Abstract

Coordinated speed of interconnected motors has vast application in the industry. Typically, the smooth operation of the system relies on the coordinated speed of the multiple motors such as the conveyer belt system. Thus, the problem to have coordinated speed in a network-connected motor is mostly dealt with wire-connected architectures such as cross coupling. The presented study suggests a unique design to deal with the said problem by proposing a network model consisting of a DC chopper drive, termed as an i_th agent of a network, while a leader-follower multiagent consensus algorithm is used, in a supervisory role, to ensure coordinated speed. Moreover, a hybrid controller (Fuzzy MRAC-RST), composed of Fuzzy logic controller, pole placement controller (F-RST), along with model reference adaptive controller (MRAC), is used to control the i_th agent. The proposed hybrid controller along with MAS consensus algorithm forms an adaptive tracking performance and ensure coordinated speed. The MATLAB platform is used for simulation purpose, and the obtained results validate the design concept.

1. Introduction

Recently, coordinated activities among distributed identical agents to achieve a global task are becoming a major area of focus in the control community. This problem of coordinated action is said to be a consensus problem or a multiagent system (MAS) consensus problem. It is obvious that coordination among agents requires communication among them, and thus they are modeled in a predefined network environment to perform the desired task and achieve consensus. Numerous authors use a consensus approach to address a variety of problems under different circumstances, such as those in [1–7]. Thus, it is obvious that the network control system (NCS) provides a basis for MAS, and therefore, NCS-based methods are adopted to model a variety of control problems, as addressed by [8–15].

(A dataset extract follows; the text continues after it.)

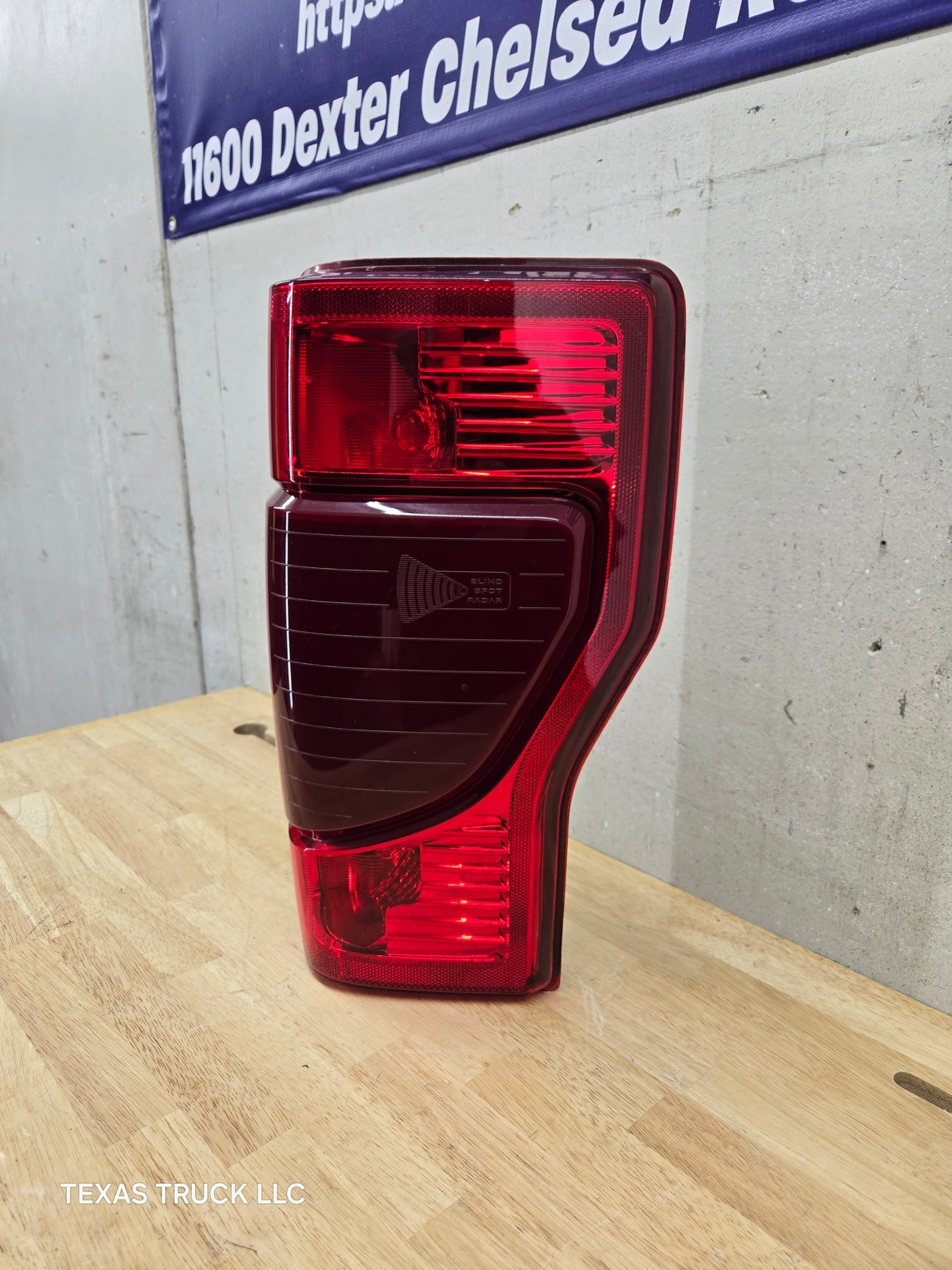 2020-2022 Ford Super Duty F250 F350  RH Passenger Side Tail Light W/Blind Spot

On the other hand, the fuzzy logic-based multiagent approach is also gaining momentum to address numerous problems, not only in the control community but also in the related engineering domains due to their adaptive design of the controller, as well as system flexibility to the node (agent) malfunction. In [16], a distributed network of smart sensors is constructed for the purpose of information gathering about gas consumption. The author proposes MAS scheme, such that a fuzzy controller, smart sensor, gas volume, time, and temperature form agent model. The author shows that the proposed model optimized the consumption of gas in urban areas. Similarly, in [17], a distributed MAS architecture is designed for energy management system (EMS), such that the hybrid energy systems (HES) are formed as a collection of interconnected elements (modeled as agents), to acquire a collective task. In the proposed design, the battery agent is governed by fuzzy logic and therefore called a fuzzy agent, which provides output power as per the fuzzy rules. Additionally, there are various researchers who had explored a different kind of MAS problem with fuzzy logic control, such as those in [18–21].

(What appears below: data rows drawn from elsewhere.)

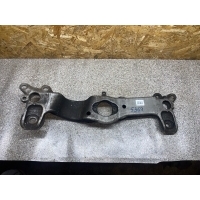 Балка под КПП AUDI A4 B6 2002 8e0399263af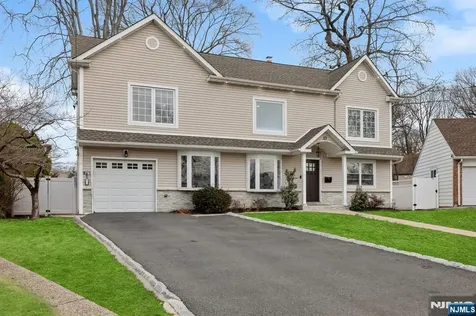 65 Clinton Park Drive Bergenfield NJ 07621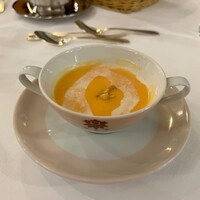 中禅寺金谷ホテル - Seasonal potage(calotte)
                      季節のポタージュ(人参)
                      美味しかったぁ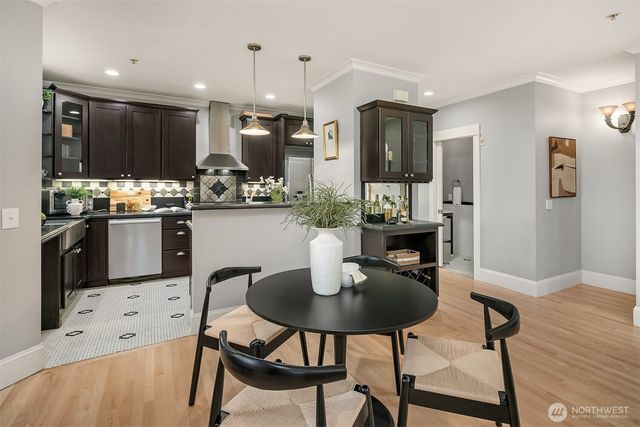 1206 E Republican Street, Seattle, WA 98102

Moreover, as far as electric motors are concerned, they are one of the major inventions that change modern-day life. They are found almost everywhere in daily routine, from household hold application to larger power generation units and different electrical products. It is estimated that almost 50% of the world’s electrical power is utilized by electric motors, such a huge consumption of electricity reveals the utilization of electric motor in our daily life. Moreover, synchronous speed systems with multiple interconnected motors already exist in the industry. There is a certain drawback of these systems such as they are greatly vulnerable to maintenance issues due to wire-connected architecture which ultimately increases system cost, not flexible in case of system malfunctioning. On the other side, a network-based system can effectively overcome these deficiencies due to the flexible nature of the network, i.e., it is easier to recognize and isolate the faulty agent while keep running the rest of the system at synchronous speed. The synchronous speed control problem with traditional wire-connected architecture is addressed by numerous authors, such as those in [22–25].

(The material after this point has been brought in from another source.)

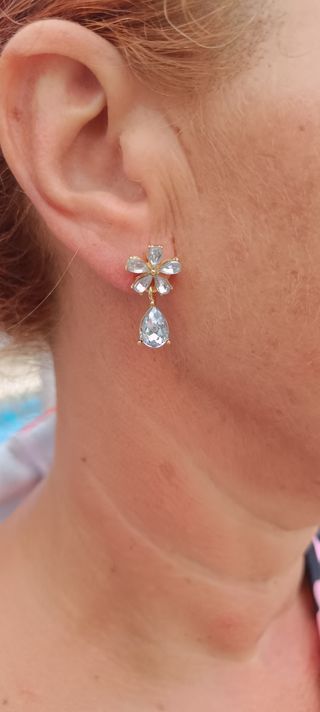 Pendientes florales dorados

The multimotor speed synchronization found application in the areas of papermaking machines, differential drives, textile printing, offset printing, robotics, and so on [26]. In [27], the author presents a novel approach of using leader following MAS consensus control method to regulate and control the speed of vector controlled IM’s. The author uses Simulink-based system design and observes the synchronous speed control not only in the presence of the disturbance delays but also with the sensor failure which leads to the agent dis-connectivity from the rest of the system. Similarly, in [28], the multimotor synchronization problem is addressed by utilizing the leader following MAS consistency theory, having undirected and switching topology by considering the delay in the network. The stability of the system is verified via the Lyapunov theorem with respect to the single agent such that if it is controllable and observable then the rest of the system reaches synchronous control of the motors. Similar problem is also addressed by the authors in [29, 30].

Thus, inspired by the abovementioned research, in this study, a new multimotor system is presented utilizing a predesigned fixed and undirected network to interconnect the agents in a leader following MAS architecture, which is, in this case, noninverting chopper-driven DC motor. Moreover, it is assumed that the speed sensors continuously provide the motor’s speed data, which is available not only to the leading motor but also to the neighboring motors, via a network. Since the problem of distributed tracking requires only one leader, therefore, the leader following consensus problem is also said to be distributed tracking problem. Therefore, a robust Model Reference Adaptive Control (MRAC) with Fuzzy Regulation, Pole Placement & Tracking (F-RST) control is employed, not only to control the motors speed but also make the followers track the speed of the leading motor, such that they achieve a global task, i.e., synchronous speed aka consensus. Figure 1 depicts the concept of the proposed network scheme for the synchronous speed control of multiple DC motors such that the leader following multiagent consensus protocol plays a supervisory role. In the diagram, it is evident that the complete system is composed of three main entities, i.e., the DC motor and driving circuit, the local controller, and the MAS leader following coordination protocol. Moreover, it is noted that every motorized unit act as following agent having its local controller, and thus regulating the following agent speed similar to that of the leader speed, which is available to all the network-connected followers in the consensus protocol communicated via a network.

Figure 1 

Conceptual block diagram of the proposed study.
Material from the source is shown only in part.